I kept working and the rats streamed out, Chuck killing them one by one, all her muscles tensed with the passion that had been bred into her by a slightly mad clergyman—a man named John Russell—over a century ago. When three slipped out at once, Chuck anticipated their hopeless angles of escape, killing the third just as it made it to the high grass, its two companions still twitching with their broken necks, their tiny mouths open in shock.

By the time I pried the last log from the frozen dirt, she had killed 14 rats, and the corpses littered the field. She turned her back and went to find my mother.

Wendy is getting better at stalking squirrels. The other day she tumbled with one in the back yard, but isn’t as efficient at killing them as Chuck. Maybe that’s because she’s showing a very non-terrier behavior — pointing. She lowers her head, raises her tail and will. Not. Be. Moved. For long moments on end, she will stand, frozen, waiting for one of her quarry to make a wrong move.

One of these days she’ll get one. Just not yet.

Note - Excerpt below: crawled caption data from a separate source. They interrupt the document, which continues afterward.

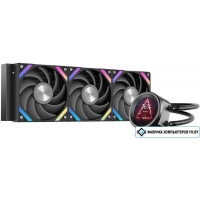 Система жидкостного охлаждения для процессора Sama Q60 360 (черный) Система жидкостного охлаждения для процессора Sama Q60 360 (черный)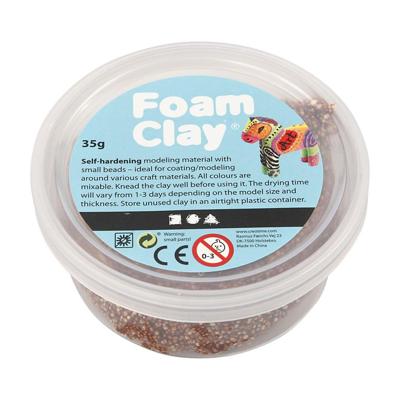 Foam Clay klei bruin 35 gram (78955)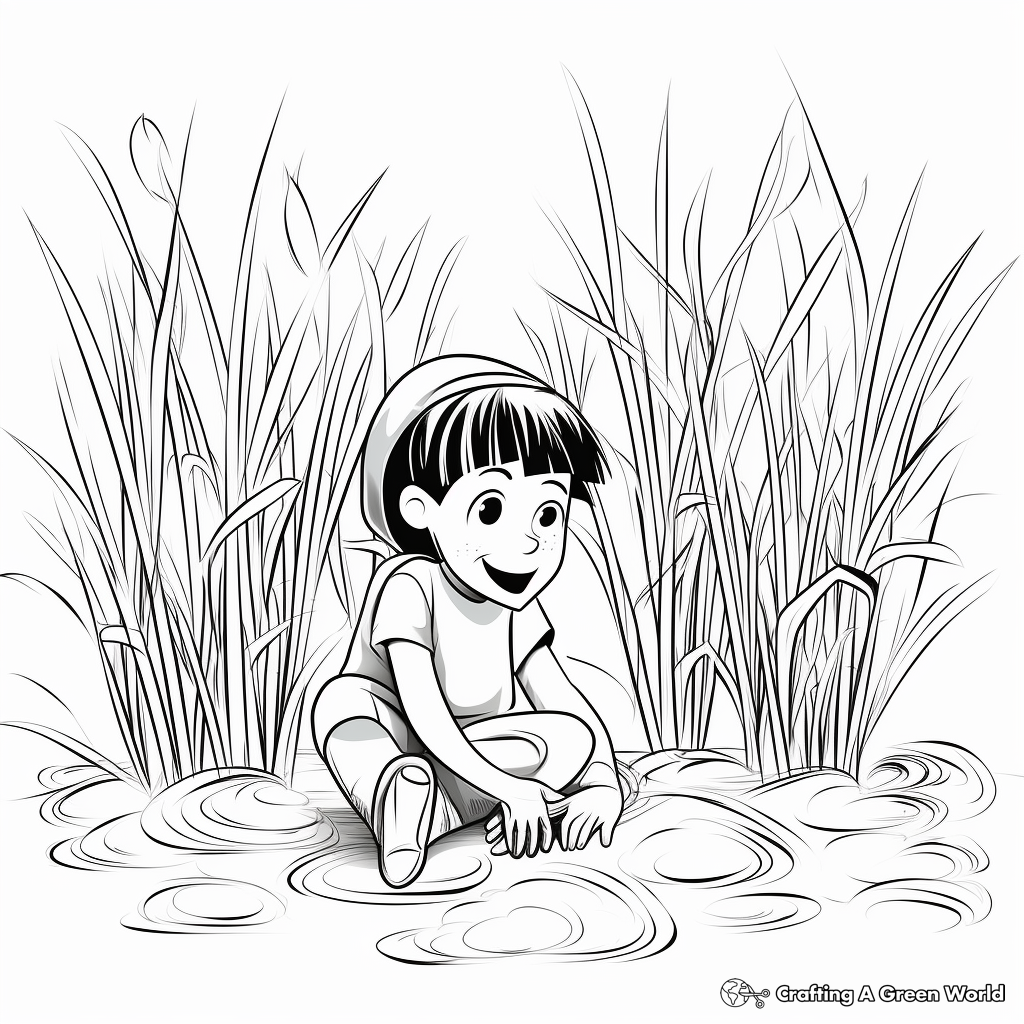 Grass coloring pages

I wonder what sort of mix is in Wendy’s blood. She looks like a JRT, but she doesn’t really act like one — she’s not as aloof as a good terrier generally is, and Spriggy certainly never pointed anything other than his nose into one of Kate’s friend’s North Face jacket. (And not into the pocket, either. He ate his way through the fleece in pursuit of a Reese’s Cup she had zipped in there.)

You all know how much I love watching specially bred animals doing the things they were specially bred for. It’s just one of those things.

And now I have the depleted-Monday catching-up-on-Sunday’s-teevee blues. One more piece of bloggage and I’m off to the rack, but it’s a good one: Libertarians have taken over Keene, N.H., being jerks with extreme prejudice:

The activists selected this New England-cute city of 24,000 for liberation mostly because it lies within that flinty bastion of Yankee individualism known as New Hampshire, where “Live Free or Die” is carved into the collective granite.

Back in 2003, a libertarian-leaning group called the Free State Project decided that this small state could be a liberty lover’s paradise if enough like-minded people settled here. (The movement, by the way, tends to attract white males, according to Carla Gericke, the group’s president, a white South African who has lived for many years in this country. “I’m the token African-American,” she joked.)

A dozen years in, the Free State Project is about three-quarters of the way toward achieving its goal of having 20,000 people commit to relocating to the state, after which it will “trigger the move.” The project has already influenced the statewide conversation at times — partly because of “early movers” like Ian Freeman, a Floridian who bought an old white duplex on Leverett Street several years ago and quickly set out to push local buttons.

Y’all chew on that while I slink off to slumber. See you in the ayem.

Posted at 12:30 am in Current events, Same ol' same ol' |

35 responses to “Good dogs.”

  1. Jeff (the mild-mannered one) said on May 6, 2014 at 12:53 am

    The term libertarian does not, itself, solve much. Most libertarians think their definition is everyone else’s, which is less true than the same problem for Marxists or, for that matter, Christians.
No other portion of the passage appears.